In einem Schreiben an Vrabl-Sanda hat Ruf allerdings entschieden die Vorwürfe gegen die Ermittler zurückgewiesen: „Zu keinem Zeitpunkt seit Bestehen der SoKo Tape wurden seitens der Mitarbeiter Ermittlungen oder Geheimermittlungen gegen Angehörige des staatsanwaltschaftlichen Teams angedacht oder geführt“, schrieb er laut „Kurier“. Und wies scharf zurück, dass sich die SOKO Tape von „Dritten“ „vor den Karren spannen“ lasse. Abschließend fordert er die WKStA-Chefin auf, dass sie gemeinsam daran arbeiten müssten, damit die Behörden „nicht gespalten werden“.

Die Freiheitlichen orteten in dem Schritt der WKStA einen „Knalleffekt“ und forderten die Supsendierung von Holzer und OStA-Chef Fuchs.

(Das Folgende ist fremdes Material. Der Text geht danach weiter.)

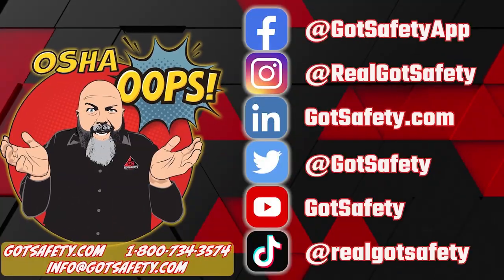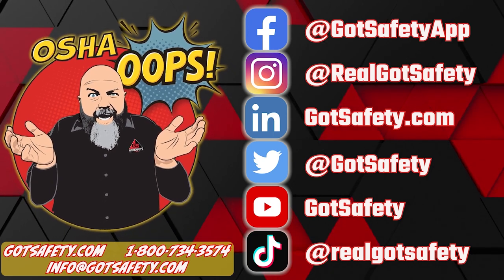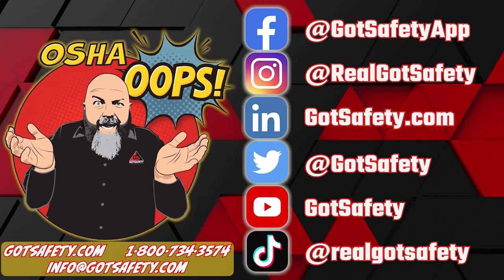My name is Michael, and this is Rick Roman. He is such a good man, and we will see you on the next one. Thanks for coming. If you want to learn more about the safety services we provide, head over to gotsafety.com and check us out. Thanks for joining me, and we'll see you next time. And remember, stay safe out there.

Hier seien Innenminister Gerhard Karner (ÖVP) und Justizministerin Alma Zadic (Grüne) gefordert, so Christian Hafenecker, FPÖ-Fraktionsführer im U-Ausschuss: „Die Vorgänge im Bundeskriminalamt und der OStA Wien stinken mittlerweile meilenweit zum Himmel.“

NEOS-Fraktionsführerin Stephanie Krisper sieht mit den „drastischen Schritten“ belegt, dass großer Handlungsbedarf in Sachen Ermittlungen bestehe. Personelle Konsequenzen seien „überfällig“. Zudem seine umgehend eine nachhaltige Neuaufstellung für eine ordentlichen Korruptionsbekämpfung geboten - von der Reform des zuständigen Bundesamts (BAK) bis hin zur Einführung eines unabhängigen Bundesstaatsanwaltes.

Für die Verteidiger des mutmaßlichen Drahtzieher des Ibiza-Videos, Julian Hessenthaler - gegen den derzeit ein Prozess wegen Drogenhandel läuft - war der Schritt der WKStA am Freitag Anlass dafür, die Enthaftung ihres seit 15 Monaten in U-Haft sitzenden Mandaten zu verlangen. Die Oberstaatsanwaltschaft Wien als Oberbehörde möge „aufgrund der gegenständlichen Neuerungen unverzüglich“ einen solchen Antrag stellen, verlangten die Anwälte Oliver Scherbaum und Wolfgang Auer in einer Pressemitteilung.